**Exercise instructions**. Your task is to copy every line below that contains the word "Residential".

*** Given data ***

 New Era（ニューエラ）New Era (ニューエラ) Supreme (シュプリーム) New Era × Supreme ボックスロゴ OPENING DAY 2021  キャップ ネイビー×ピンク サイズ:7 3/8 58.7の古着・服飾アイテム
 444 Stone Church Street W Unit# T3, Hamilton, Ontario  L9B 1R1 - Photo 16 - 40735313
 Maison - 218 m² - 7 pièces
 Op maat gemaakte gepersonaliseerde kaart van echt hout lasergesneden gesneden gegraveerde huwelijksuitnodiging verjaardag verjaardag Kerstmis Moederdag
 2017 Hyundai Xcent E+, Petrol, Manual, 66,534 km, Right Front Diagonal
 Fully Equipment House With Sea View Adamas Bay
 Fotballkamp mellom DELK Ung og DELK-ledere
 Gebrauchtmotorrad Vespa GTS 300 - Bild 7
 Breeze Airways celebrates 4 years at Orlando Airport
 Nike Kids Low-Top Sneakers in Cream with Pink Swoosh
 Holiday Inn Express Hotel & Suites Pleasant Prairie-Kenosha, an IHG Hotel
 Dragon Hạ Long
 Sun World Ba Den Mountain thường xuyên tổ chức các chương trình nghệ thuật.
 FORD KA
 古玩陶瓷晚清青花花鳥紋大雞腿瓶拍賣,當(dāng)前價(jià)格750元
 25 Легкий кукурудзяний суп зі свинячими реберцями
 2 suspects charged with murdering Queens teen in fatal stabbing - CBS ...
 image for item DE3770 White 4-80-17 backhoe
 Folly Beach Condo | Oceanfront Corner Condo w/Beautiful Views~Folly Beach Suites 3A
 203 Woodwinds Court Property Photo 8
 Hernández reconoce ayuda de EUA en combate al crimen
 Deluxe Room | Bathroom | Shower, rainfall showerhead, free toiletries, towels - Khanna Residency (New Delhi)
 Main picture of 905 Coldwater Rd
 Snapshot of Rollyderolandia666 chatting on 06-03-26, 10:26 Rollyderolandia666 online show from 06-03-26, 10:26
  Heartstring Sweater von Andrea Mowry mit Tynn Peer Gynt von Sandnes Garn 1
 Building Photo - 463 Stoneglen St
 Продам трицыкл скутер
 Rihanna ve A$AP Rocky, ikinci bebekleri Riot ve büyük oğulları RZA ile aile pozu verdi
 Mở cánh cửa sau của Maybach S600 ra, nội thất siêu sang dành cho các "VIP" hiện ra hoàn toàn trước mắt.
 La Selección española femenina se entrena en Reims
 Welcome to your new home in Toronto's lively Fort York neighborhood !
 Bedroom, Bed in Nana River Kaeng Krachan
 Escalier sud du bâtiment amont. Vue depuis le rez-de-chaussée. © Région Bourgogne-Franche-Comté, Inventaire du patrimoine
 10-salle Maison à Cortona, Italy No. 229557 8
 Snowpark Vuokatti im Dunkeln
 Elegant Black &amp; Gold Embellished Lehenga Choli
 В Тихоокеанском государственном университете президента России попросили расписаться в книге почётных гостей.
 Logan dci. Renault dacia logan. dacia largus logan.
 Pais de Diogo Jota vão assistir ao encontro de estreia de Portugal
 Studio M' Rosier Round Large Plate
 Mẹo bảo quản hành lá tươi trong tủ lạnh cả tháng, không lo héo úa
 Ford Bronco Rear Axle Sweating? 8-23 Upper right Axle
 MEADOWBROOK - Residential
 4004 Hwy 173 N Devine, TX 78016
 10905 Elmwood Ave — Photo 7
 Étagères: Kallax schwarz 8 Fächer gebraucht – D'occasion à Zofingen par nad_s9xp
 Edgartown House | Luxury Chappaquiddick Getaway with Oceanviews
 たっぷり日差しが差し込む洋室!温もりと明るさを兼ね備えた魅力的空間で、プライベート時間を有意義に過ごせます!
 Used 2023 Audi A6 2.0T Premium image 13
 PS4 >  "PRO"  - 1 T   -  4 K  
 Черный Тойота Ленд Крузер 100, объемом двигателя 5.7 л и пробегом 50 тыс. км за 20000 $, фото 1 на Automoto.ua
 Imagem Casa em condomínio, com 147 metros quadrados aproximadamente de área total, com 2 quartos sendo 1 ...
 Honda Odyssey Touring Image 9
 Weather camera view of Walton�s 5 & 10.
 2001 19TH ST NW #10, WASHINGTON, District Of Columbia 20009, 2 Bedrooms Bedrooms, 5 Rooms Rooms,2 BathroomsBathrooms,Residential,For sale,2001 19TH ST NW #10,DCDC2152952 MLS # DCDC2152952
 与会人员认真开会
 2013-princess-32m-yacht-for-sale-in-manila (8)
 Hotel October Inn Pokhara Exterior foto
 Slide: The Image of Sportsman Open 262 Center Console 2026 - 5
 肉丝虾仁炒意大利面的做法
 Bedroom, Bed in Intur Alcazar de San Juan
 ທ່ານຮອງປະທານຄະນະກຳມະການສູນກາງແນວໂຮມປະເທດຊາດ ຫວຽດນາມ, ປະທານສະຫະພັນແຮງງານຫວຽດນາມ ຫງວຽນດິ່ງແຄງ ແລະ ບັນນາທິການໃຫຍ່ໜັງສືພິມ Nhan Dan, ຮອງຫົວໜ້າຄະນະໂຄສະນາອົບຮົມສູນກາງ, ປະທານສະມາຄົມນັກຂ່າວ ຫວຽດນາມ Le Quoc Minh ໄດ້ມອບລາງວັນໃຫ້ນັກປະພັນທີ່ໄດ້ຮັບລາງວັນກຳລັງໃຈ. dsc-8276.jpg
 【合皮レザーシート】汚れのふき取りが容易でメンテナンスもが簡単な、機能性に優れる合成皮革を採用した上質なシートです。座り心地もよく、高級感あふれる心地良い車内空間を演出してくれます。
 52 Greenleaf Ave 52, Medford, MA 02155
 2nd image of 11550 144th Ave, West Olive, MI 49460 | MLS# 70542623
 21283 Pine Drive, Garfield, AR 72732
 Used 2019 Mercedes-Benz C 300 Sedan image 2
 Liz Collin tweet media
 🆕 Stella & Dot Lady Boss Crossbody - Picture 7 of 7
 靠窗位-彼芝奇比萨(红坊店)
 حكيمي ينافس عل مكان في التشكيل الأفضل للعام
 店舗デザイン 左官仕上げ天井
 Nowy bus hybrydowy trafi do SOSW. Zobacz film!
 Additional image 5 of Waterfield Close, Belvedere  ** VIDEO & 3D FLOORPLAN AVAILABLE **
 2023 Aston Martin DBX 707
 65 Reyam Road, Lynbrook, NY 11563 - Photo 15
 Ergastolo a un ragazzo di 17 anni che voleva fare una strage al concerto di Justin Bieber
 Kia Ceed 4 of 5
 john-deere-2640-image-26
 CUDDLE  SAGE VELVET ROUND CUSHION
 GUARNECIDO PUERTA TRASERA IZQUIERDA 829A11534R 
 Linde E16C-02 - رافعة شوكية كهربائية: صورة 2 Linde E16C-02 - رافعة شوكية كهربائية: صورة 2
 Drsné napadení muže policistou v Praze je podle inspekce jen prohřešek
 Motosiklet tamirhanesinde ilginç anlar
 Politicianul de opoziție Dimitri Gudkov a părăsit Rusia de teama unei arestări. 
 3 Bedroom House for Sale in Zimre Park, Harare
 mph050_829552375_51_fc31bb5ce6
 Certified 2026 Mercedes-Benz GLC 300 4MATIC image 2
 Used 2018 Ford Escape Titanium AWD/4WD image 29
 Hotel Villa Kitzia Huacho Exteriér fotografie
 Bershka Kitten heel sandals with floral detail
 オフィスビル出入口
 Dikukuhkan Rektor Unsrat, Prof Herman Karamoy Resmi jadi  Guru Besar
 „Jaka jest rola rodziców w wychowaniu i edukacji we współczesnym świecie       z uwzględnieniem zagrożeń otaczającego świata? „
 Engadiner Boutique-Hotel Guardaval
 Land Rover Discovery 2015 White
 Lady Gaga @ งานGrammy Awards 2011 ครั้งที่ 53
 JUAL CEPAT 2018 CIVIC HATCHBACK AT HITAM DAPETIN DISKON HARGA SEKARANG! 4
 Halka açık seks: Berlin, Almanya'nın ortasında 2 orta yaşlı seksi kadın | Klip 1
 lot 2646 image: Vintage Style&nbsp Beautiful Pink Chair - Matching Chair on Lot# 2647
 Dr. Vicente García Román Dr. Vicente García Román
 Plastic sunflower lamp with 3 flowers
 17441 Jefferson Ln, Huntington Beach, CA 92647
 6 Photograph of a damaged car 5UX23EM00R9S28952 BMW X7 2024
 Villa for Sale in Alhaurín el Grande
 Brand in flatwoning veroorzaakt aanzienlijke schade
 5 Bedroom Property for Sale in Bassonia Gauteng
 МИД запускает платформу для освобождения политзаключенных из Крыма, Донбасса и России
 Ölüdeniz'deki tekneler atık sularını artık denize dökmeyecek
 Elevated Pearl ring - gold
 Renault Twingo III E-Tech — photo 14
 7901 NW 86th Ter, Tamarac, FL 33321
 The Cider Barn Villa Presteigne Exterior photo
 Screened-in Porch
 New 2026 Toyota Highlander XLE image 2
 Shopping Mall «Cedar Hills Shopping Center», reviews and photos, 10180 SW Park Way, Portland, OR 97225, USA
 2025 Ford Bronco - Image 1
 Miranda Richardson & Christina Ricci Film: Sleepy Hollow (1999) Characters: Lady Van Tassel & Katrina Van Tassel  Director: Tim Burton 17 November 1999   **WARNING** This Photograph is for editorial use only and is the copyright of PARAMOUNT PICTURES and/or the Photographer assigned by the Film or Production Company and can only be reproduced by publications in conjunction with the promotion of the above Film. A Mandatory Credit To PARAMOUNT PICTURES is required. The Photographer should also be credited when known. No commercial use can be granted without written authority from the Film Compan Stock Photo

*** End of Given data ***

**Reply to the exercise**.
 MEADOWBROOK - Residential
 2001 19TH ST NW #10, WASHINGTON, District Of Columbia 20009, 2 Bedrooms Bedrooms, 5 Rooms Rooms,2 BathroomsBathrooms,Residential,For sale,2001 19TH ST NW #10,DCDC2152952 MLS # DCDC2152952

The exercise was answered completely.